Familiar is an ideal service for those who Womack describes as the “second wave of technology adopters.” That’s a nicer way of saying the less technically savvy, or even the normals. Yeah, I’m talking about YOU DAD. (Don’t worry, he doesn’t know what a blog is, or how to find this one.) It’s the market that just got a smartphone or iPad and is still figuring things out. The market that previously might have received a pre-programmed digital picture frame for the holidays, which now has to be continually updated by the kids. It’s what’s next for that group, explains Womack. “[Tablets] are going to be progressively lower in costs – a good example being the Kindle – a great opportunity there,” he says. “I think those are going to be the devices that family members will be giving to the less tech savvy members of their family.”

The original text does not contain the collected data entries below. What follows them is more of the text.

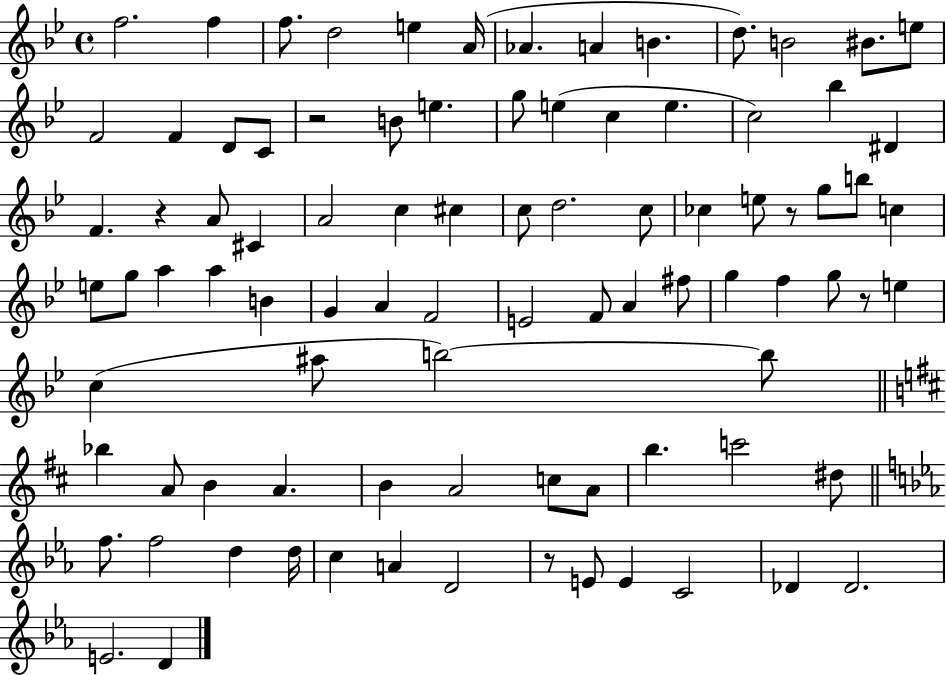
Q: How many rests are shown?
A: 5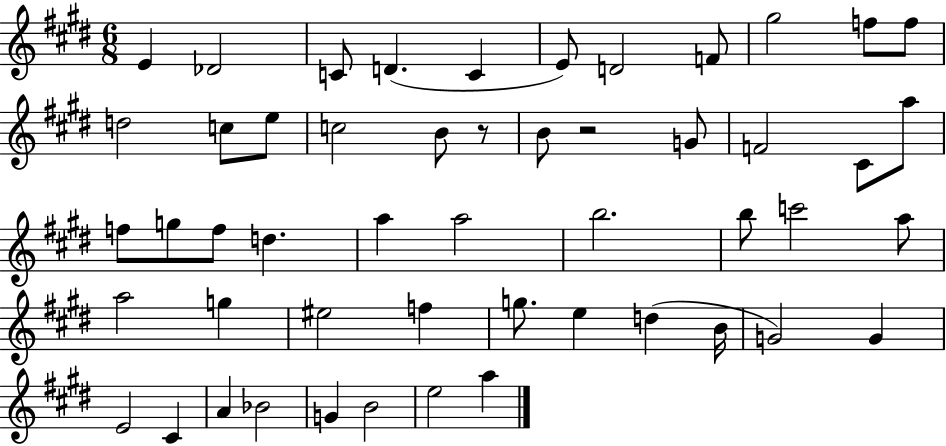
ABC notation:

X:1
T:Untitled
M:6/8
L:1/4
K:E
E _D2 C/2 D C E/2 D2 F/2 ^g2 f/2 f/2 d2 c/2 e/2 c2 B/2 z/2 B/2 z2 G/2 F2 ^C/2 a/2 f/2 g/2 f/2 d a a2 b2 b/2 c'2 a/2 a2 g ^e2 f g/2 e d B/4 G2 G E2 ^C A _B2 G B2 e2 a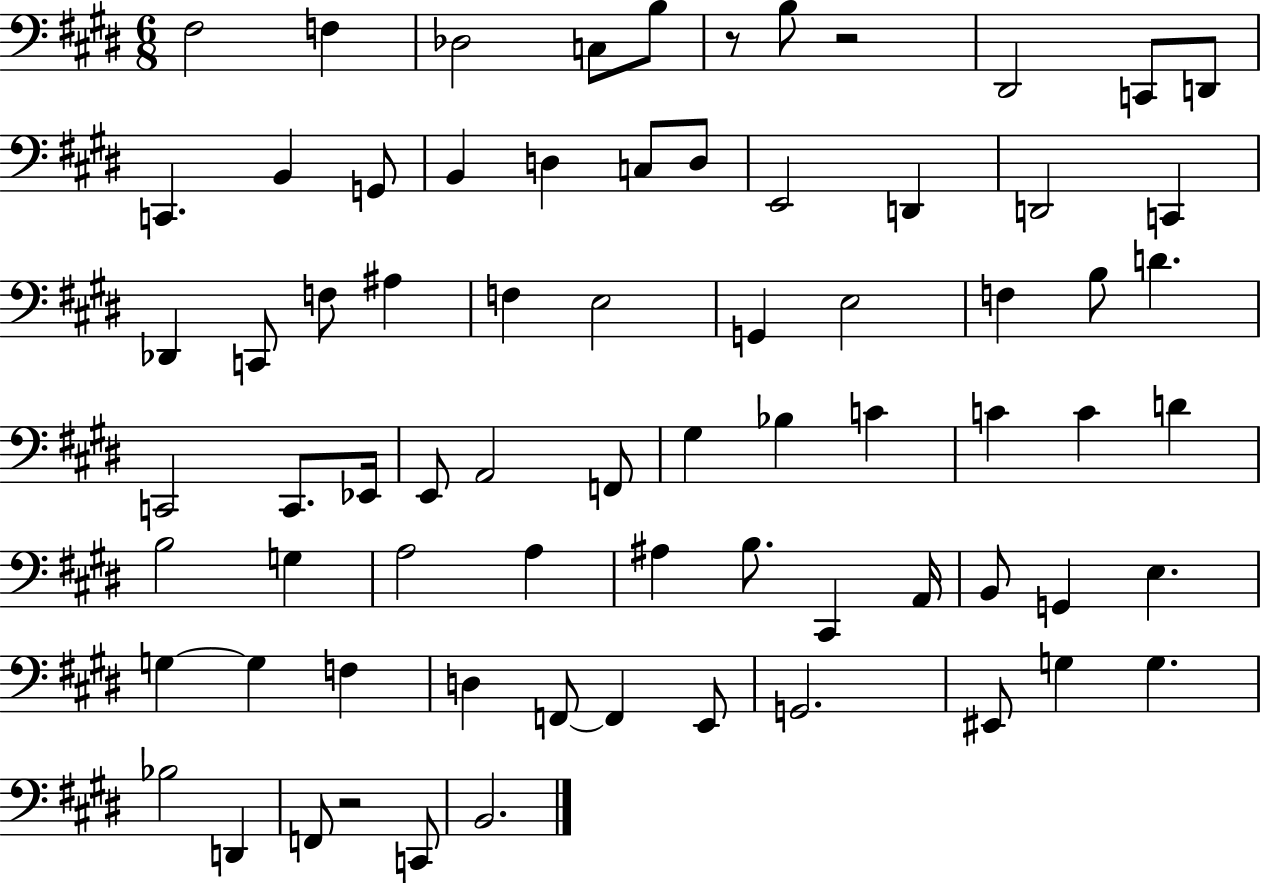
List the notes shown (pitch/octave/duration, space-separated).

F#3/h F3/q Db3/h C3/e B3/e R/e B3/e R/h D#2/h C2/e D2/e C2/q. B2/q G2/e B2/q D3/q C3/e D3/e E2/h D2/q D2/h C2/q Db2/q C2/e F3/e A#3/q F3/q E3/h G2/q E3/h F3/q B3/e D4/q. C2/h C2/e. Eb2/s E2/e A2/h F2/e G#3/q Bb3/q C4/q C4/q C4/q D4/q B3/h G3/q A3/h A3/q A#3/q B3/e. C#2/q A2/s B2/e G2/q E3/q. G3/q G3/q F3/q D3/q F2/e F2/q E2/e G2/h. EIS2/e G3/q G3/q. Bb3/h D2/q F2/e R/h C2/e B2/h.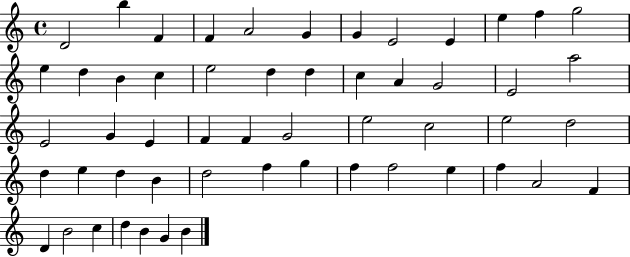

The service is even designed with “the normals” in mind – something which is, sadly, still rare. For example, when you invite a family member to join by downloading the app, it doesn’t force them through a tedious registration process. Instead, Familiar actually pre-creates an account for them so all they have to do is click download and enter their name. It already knows who they are.

Based in Seattle, Familiar is team of five, including Womack’s co-founders Mike Bohlander, Ray Fortna, and Josh Hepfer, and later addition Aakash Kambuj. The first four had previously worked together in 2006 at iLike, the social music service acquired by MySpace in 2009. The plan now is to add a few more engineers over the next six months as product development continues.